▸ **Dataset excerpt**

<<<<

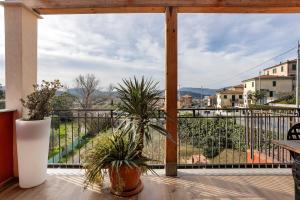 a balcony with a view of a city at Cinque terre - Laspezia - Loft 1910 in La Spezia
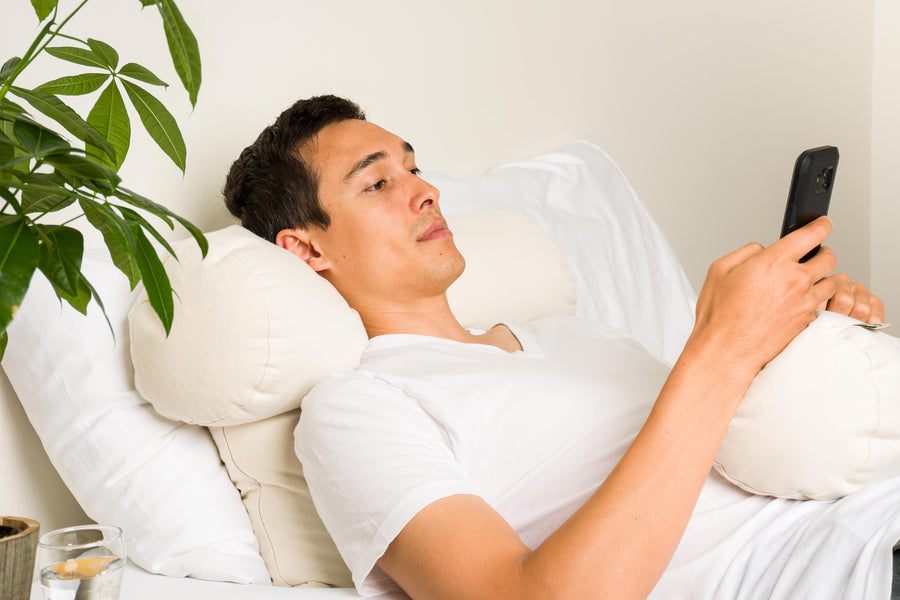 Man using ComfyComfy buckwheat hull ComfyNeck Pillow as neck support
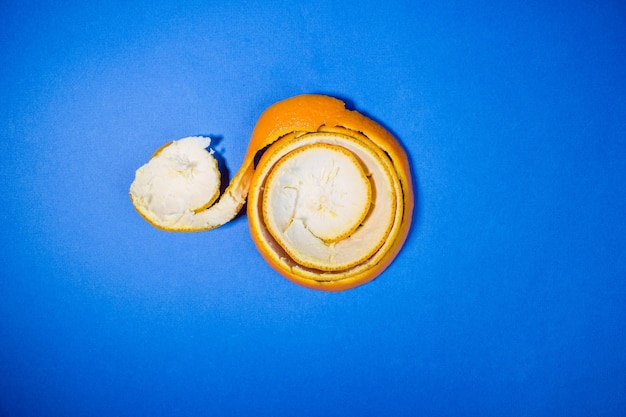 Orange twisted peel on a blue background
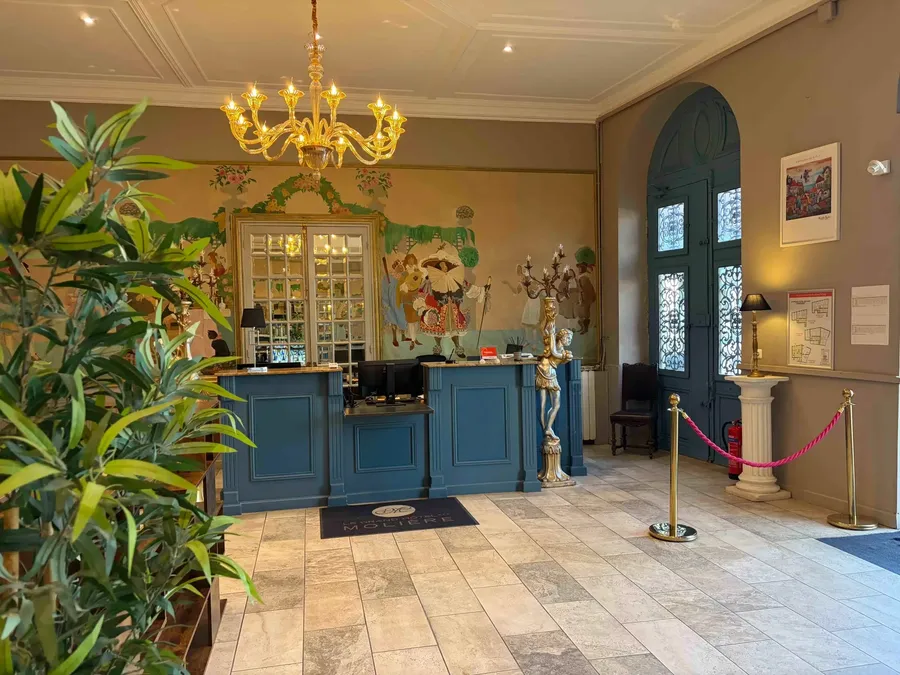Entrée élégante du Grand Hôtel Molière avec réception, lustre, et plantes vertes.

>>>>

None of the pictures should appear; copy the rest of the material above exactly.

▸ **Reply**
 a balcony with a view of a city at Cinque terre - Laspezia - Loft 1910 in La Spezia
 Man using ComfyComfy buckwheat hull ComfyNeck Pillow as neck support
 Orange twisted peel on a blue background
Entrée élégante du Grand Hôtel Molière avec réception, lustre, et plantes vertes.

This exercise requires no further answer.